2. The electric pump end cap of claim 1 wherein said side surface of said plastic molding includes at least one housing retention recess.

3. The electric pump end cap of claim 2 including a first conductor partially positioned in said plastic molding and being exposed through said external face within said socket shape and through said internal face; and a second conductor partially positioned in said plastic molding and being exposed through said external face within said socket shape and through said internal face.

4. The electric pump end cap of claim 3 including first and second electric motor brushes supported by said first and second brush placement holders, respectively.
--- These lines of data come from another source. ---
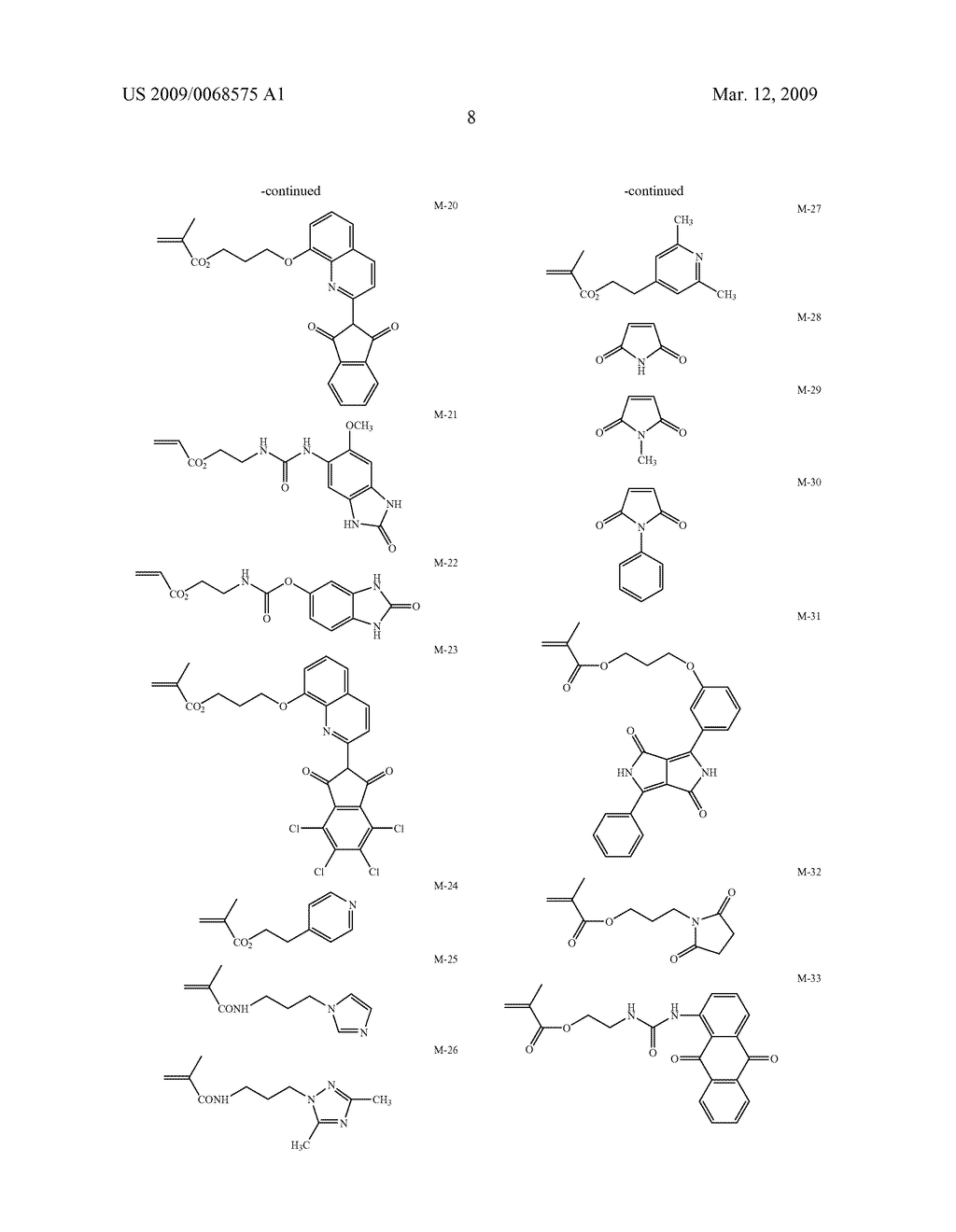 PROCESSED PIGMENT, PIGMENT-DISPERSED COMPOSITION, COLORED PHOTOSENSITIVE COMPOSITION, COLOR FILTER, LIQUID CRYSTAL DISPLAY ELEMENT, AND SOLID IMAGE PICKUP ELEMENT - diagram, schematic, and image 09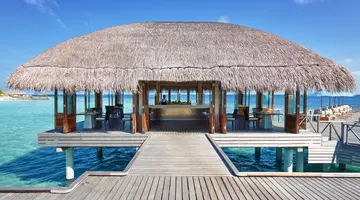 HUVAFEN FUSHI MALDIVES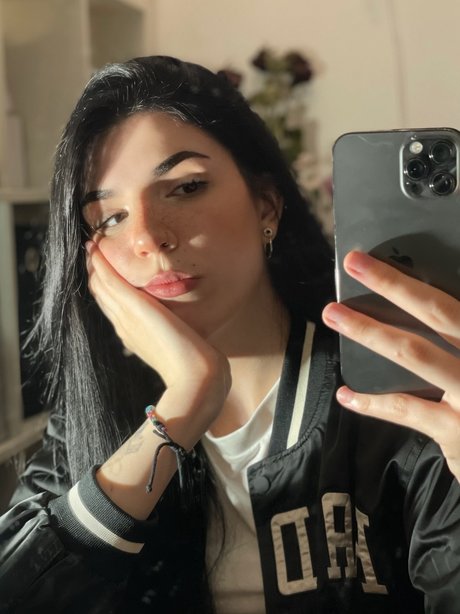 Foto di nudo di fuga di OnlyFans di Lilxlyn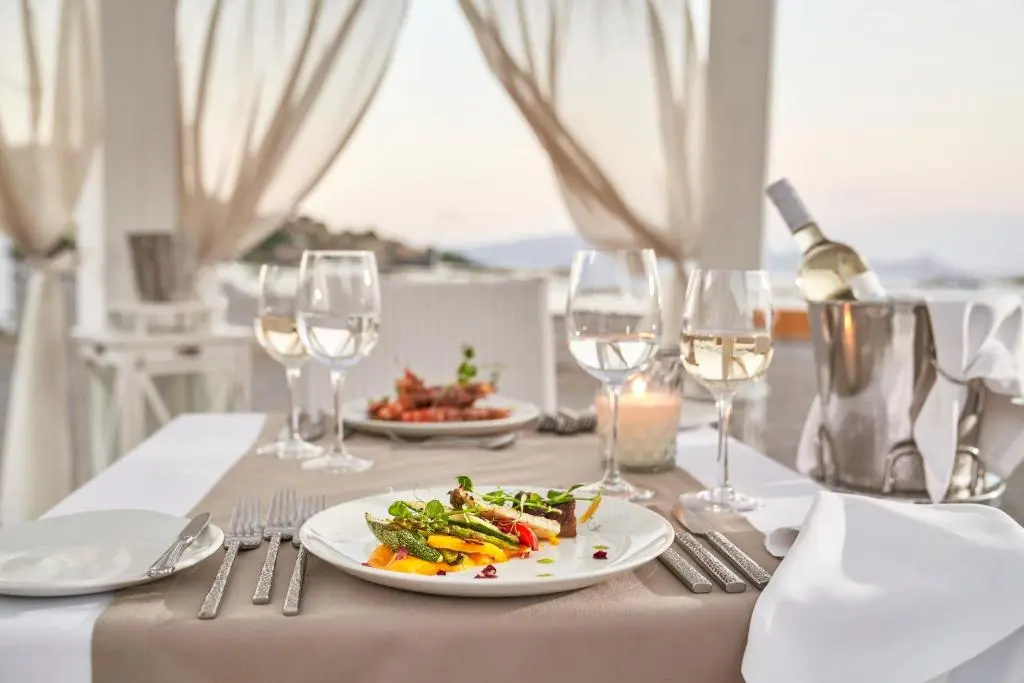 Food & Beverage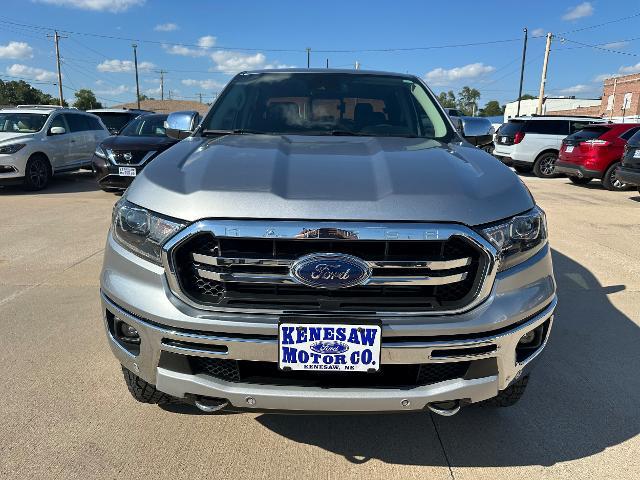 2021 Ford Ranger Unknown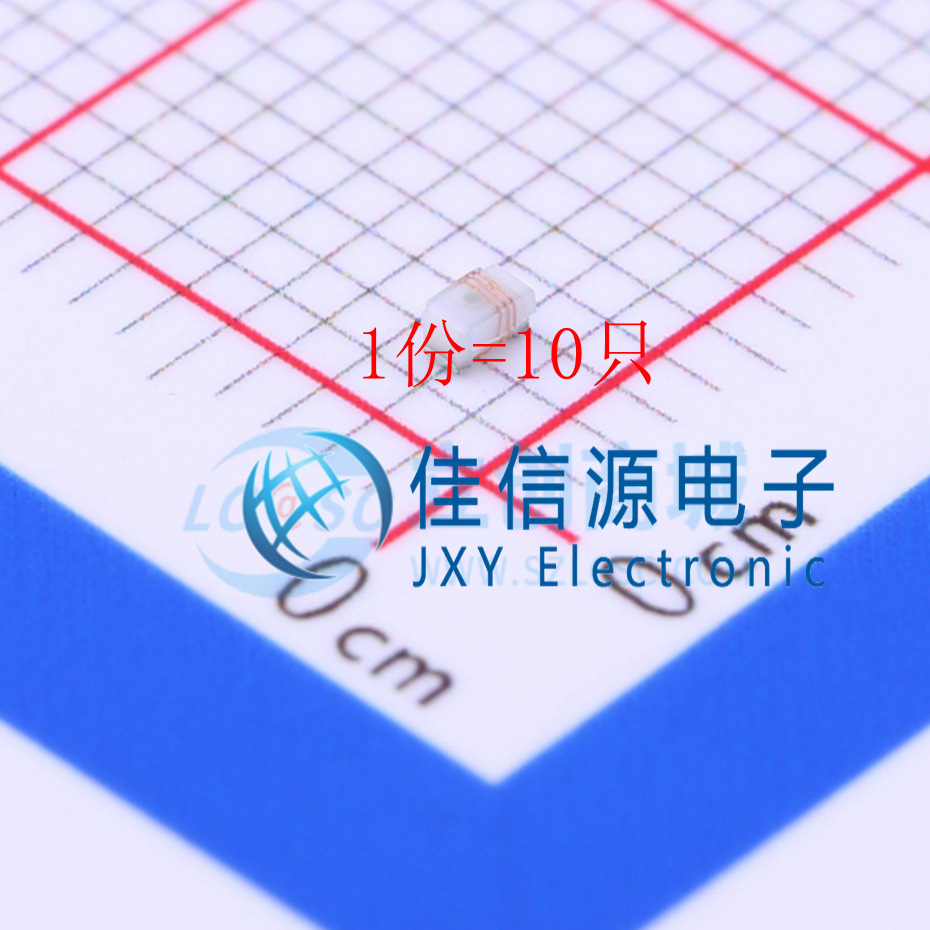 FEC0603CP-7N5G-LRH  PSA(信昌电陶) 0603 7.5nH ±2%（10只）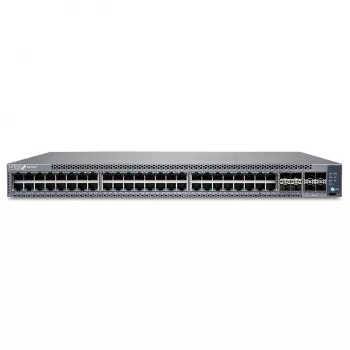 Juniper EX4100-48T Switch gestito L3 Gigabit Ethernet 48 porte con 4x uplink 10G SFP+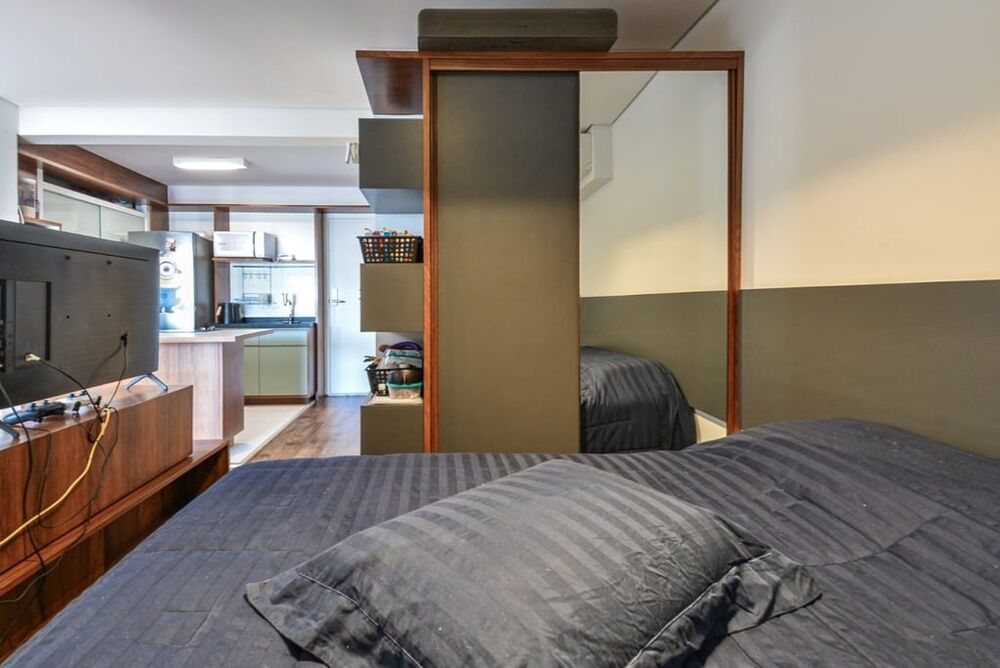 Apartamento, 1 quarto, 49 m² - Foto 4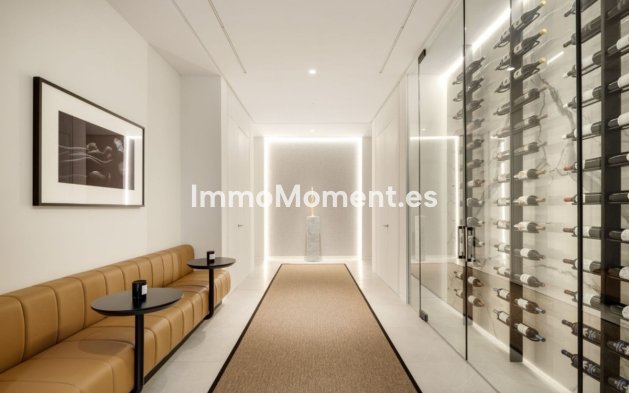 Resale - Villa - Benahavís - Benahavís Centro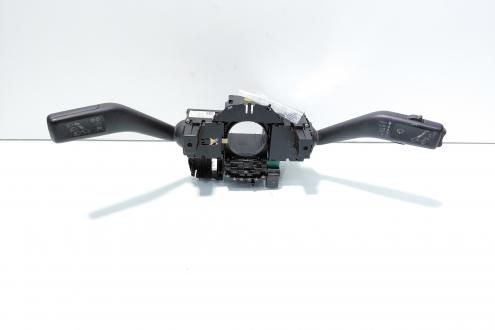 Maneta semnalizare cu maneta stergatoare, cod 3C9953513Q, 3C9953507AM, Vw Passat Variant (3C5) 2.0 TDI, CBB (id:709969)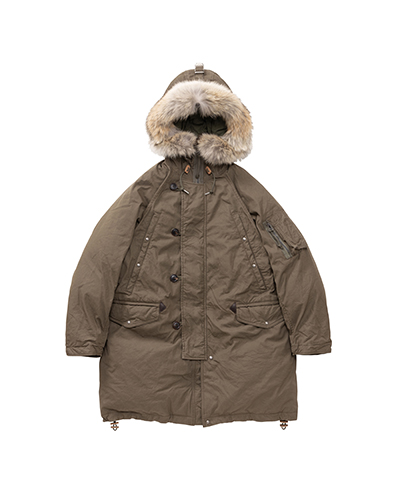 VALDEZ DOWN COAT W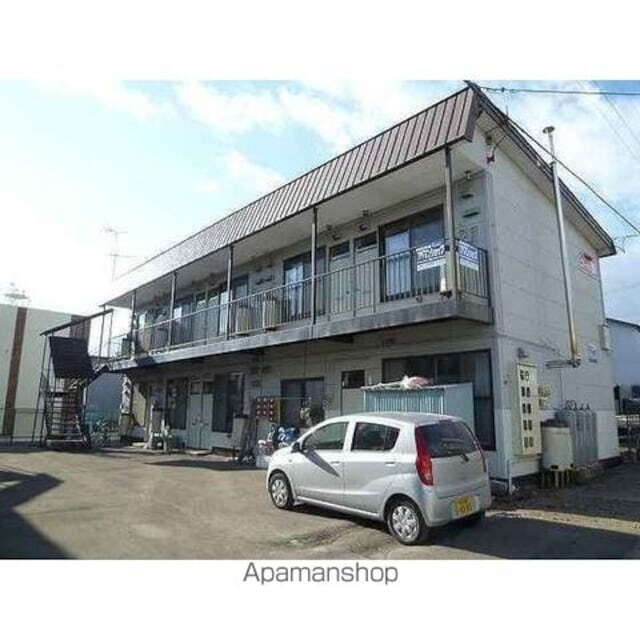 北海道北見市番場町 賃貸アパート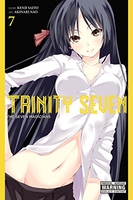 Trinity Seven Manga Volume 7 image number 0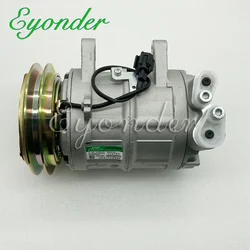 A/C AC Compressor for Nissan Patrol Y60 Y61 SAFARI 92600VB005 92600VB300 92600V-B005 92600-VB300 92600VS50A 92600-VS50A
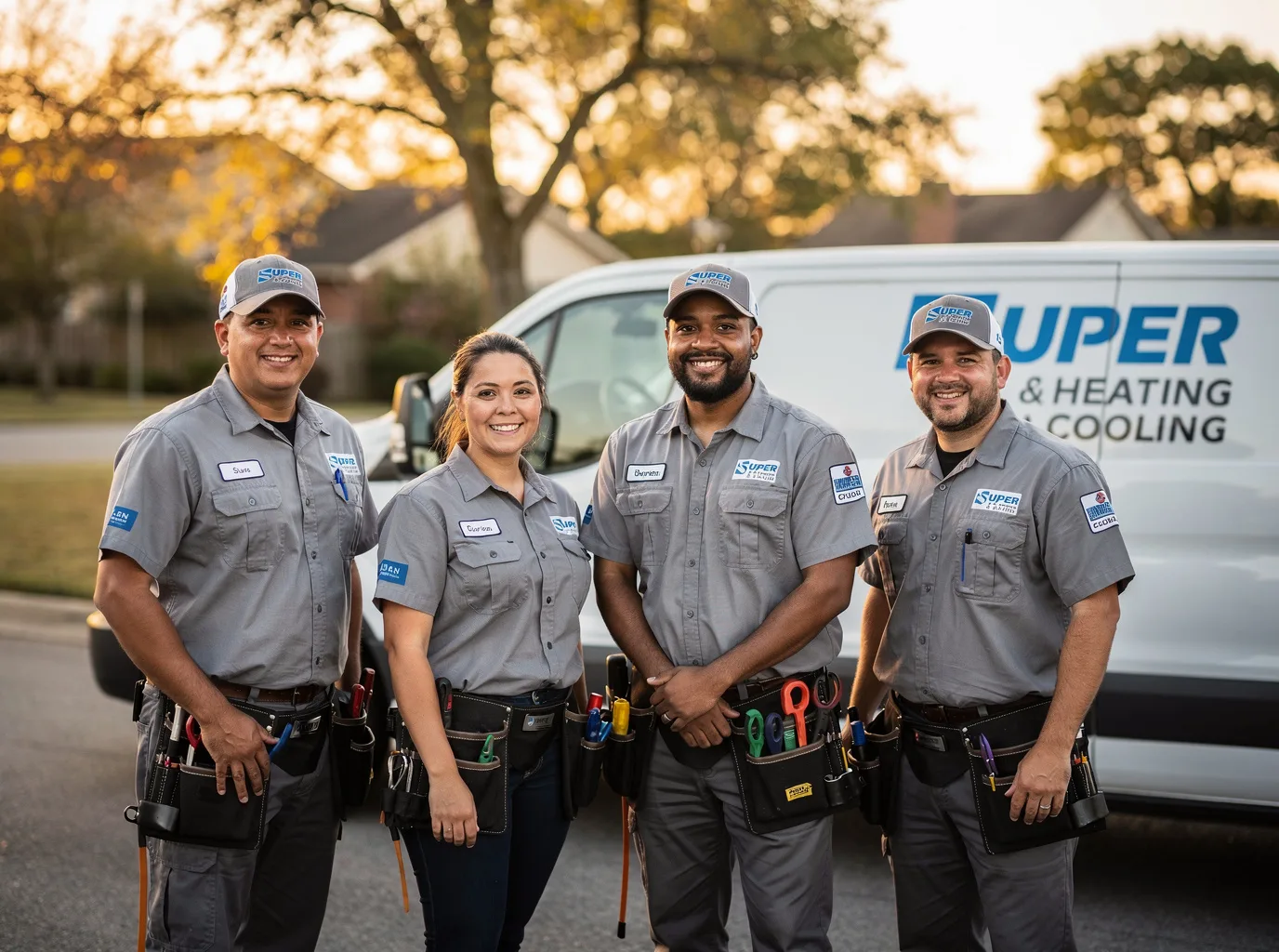 Hvac Repair company in Grover, WY
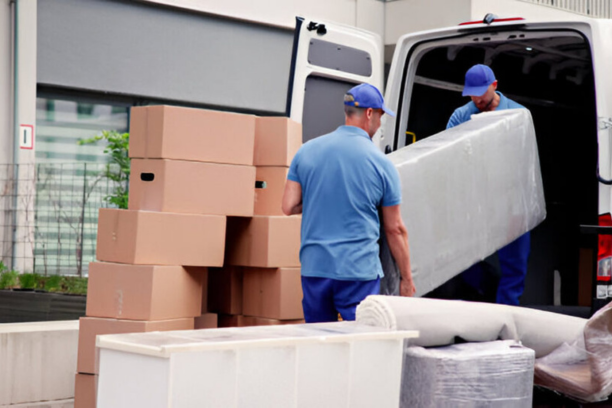 Reliable Furniture movers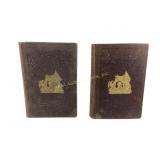 History of the Civil War in American Vols. I & II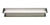 Atlas Homewares 349-BRN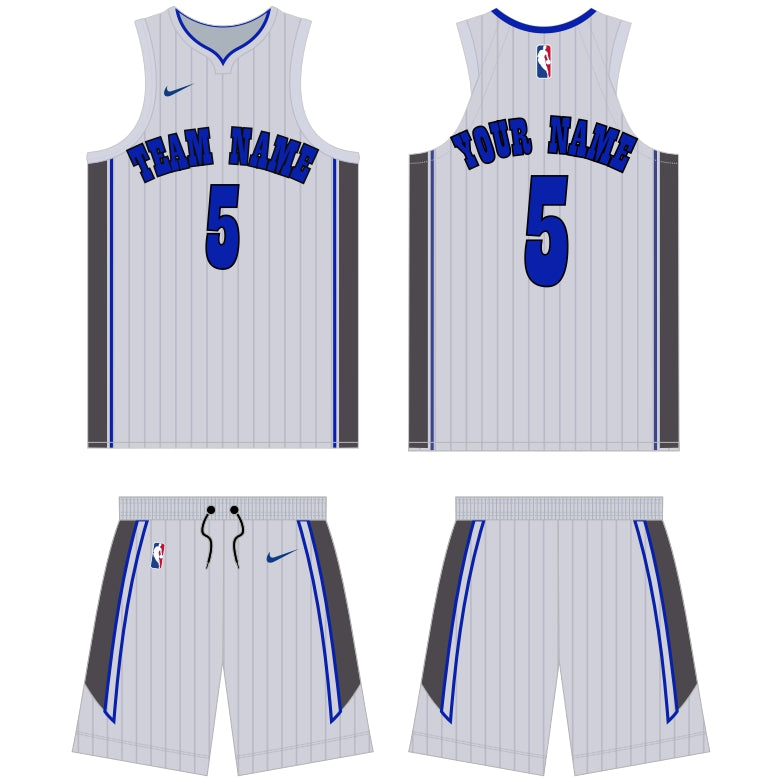 Orlando Magic Association Edition Uniform - Official NBA Gear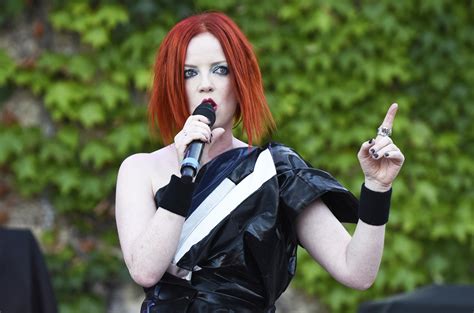 Garbages Shirley Manson Speaks Out About Transgender Military Ban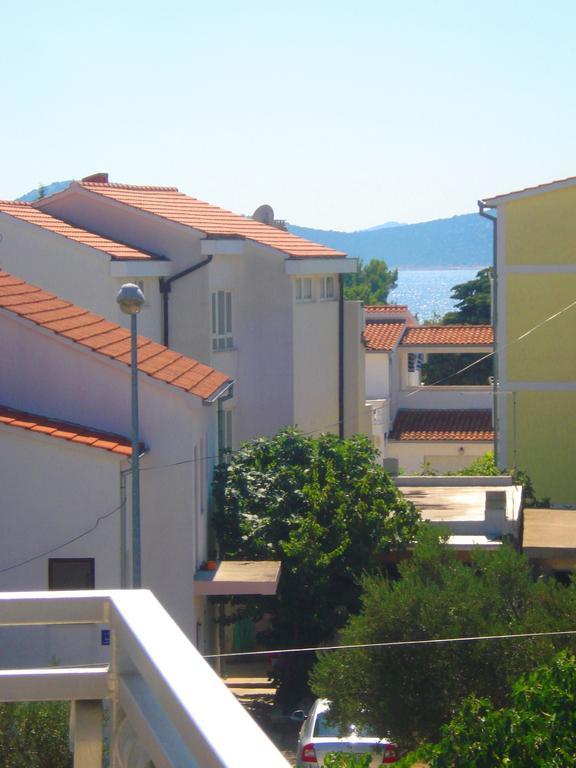 Apartments Nikolas Vodice Buitenkant foto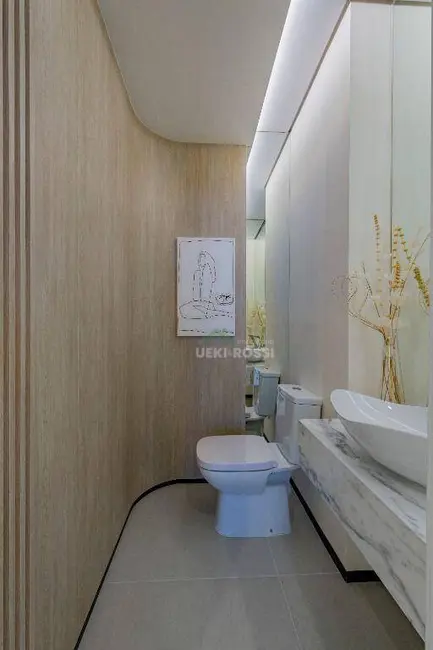Foto 6 de Apartamento com 3 quartos à venda, 237m2 em Londrina - PR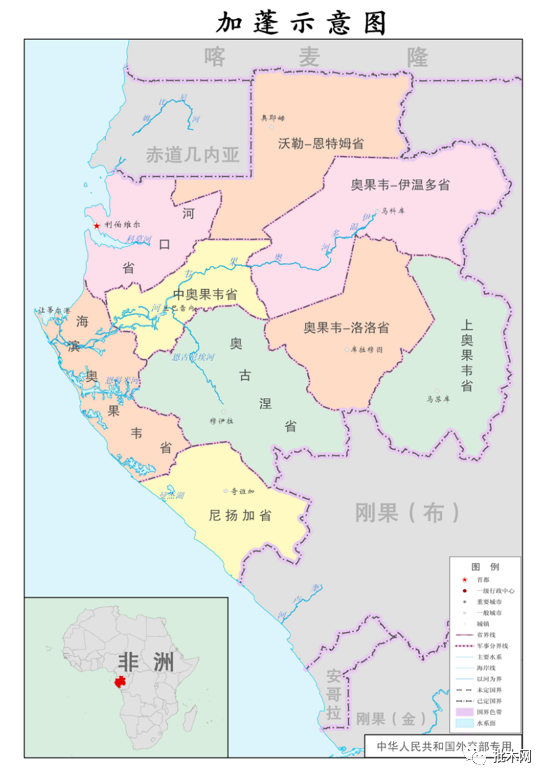 加蓬恩科经济特区(gsez)详细介绍:非洲木材生产加工与贸易中心!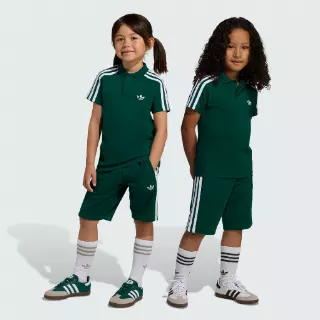 Adidas POLO SHORT EN SHIRT SET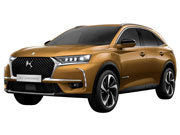 DS7クロスバック (2021年～2021年)の画像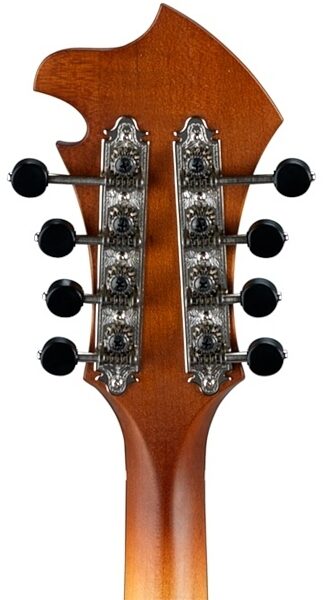 open zoom image for Breedlove American FF Mandolin (with Case), Headstock Back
5. The electric pump end cap of claim 4 wherein said fluid passage includes said plastic molding defining a flow passage extending between said internal face and one of said side surface and said external face.

6. The electric pump end cap of claim 5 wherein said side surface includes a cylindrical portion through which said flow passage opens; and said at least one housing retention recess includes an annular groove positioned between said external face and said cylindrical portion.

7. The electric pump end cap of claim 6 wherein said internal face includes a motor shaft support recess.

8. The electric pump end cap of claim 7 wherein said internal face includes at least one motor alignment guide surface.

9. An electric pump assembly comprising: a housing; an end cap attached to said housing to define an internal cavity and including a plastic molding with an external face separated from an internal face by a circumferential side surface, and said external face including an electrical connector socket, and said internal face having mounted thereon first and second electric motor brushes, and first and second conductors at least partially positioned in said plastic molding and extending between said brushes and said electrical connector socket; a partial electric motor positioned in said internal cavity in contact with said first and second electric motor brushes; a fluid pump positioned in said internal cavity and being operably coupled to said electric motor; and at least one of said housing and said end cap defining an inlet and an outlet.

10. The electric pump assembly of claim 9 wherein said end cap defines at least one housing retention recess; and a portion of said housing being deformed into said housing retention recess.

11. The electric pump assembly of claim 10 wherein said at least one housing retention recess includes an annular groove; and an annular end portion of said housing being deformed into said annular groove.

12. The electric pump assembly of claim 10 wherein said plastic molding defines a flow passage extending between said internal face and one of said side surface and said external face.

13. The electric pump assembly of claim 5 wherein said side surface includes a cylindrical portion in contact with an inner surface of said housing and through which said flow passage opens.

14. The electric pump assembly of claim 13 wherein said partial electric motor includes a rotating shaft received in a motor shaft support recess that is a portion of said internal face.

15. The electric pump assembly of claim 14 wherein said internal face includes at least one motor alignment guide surface mated to said partial electric motor.

16. The electric pump assembly of claim 15 wherein at least one of said housing and said end cap define an exposed snap ring groove.

17. A method of assembling an electric pump comprising the steps of: attaching electric motor brushes to a plastic end cap; extending electrical conductors from an external face of said end cap to said electric motor brushes; positioning a pump and a partial electric motor in a housing; and completing an electric motor by mating said end cap to said housing.

18. The method of claim 17 including a step of attaching said housing to said end cap at least in part by deforming a portion of said housing.

19. The method of claim 18 wherein said mating step includes a step of aligning a guide surface on said end cap with a mating surface on said partial electric motor.

20. The method of claim 18 wherein said mating step includes inserting a rotatable shaft of said partial electric motor into motor shaft support recess defined by said end cap.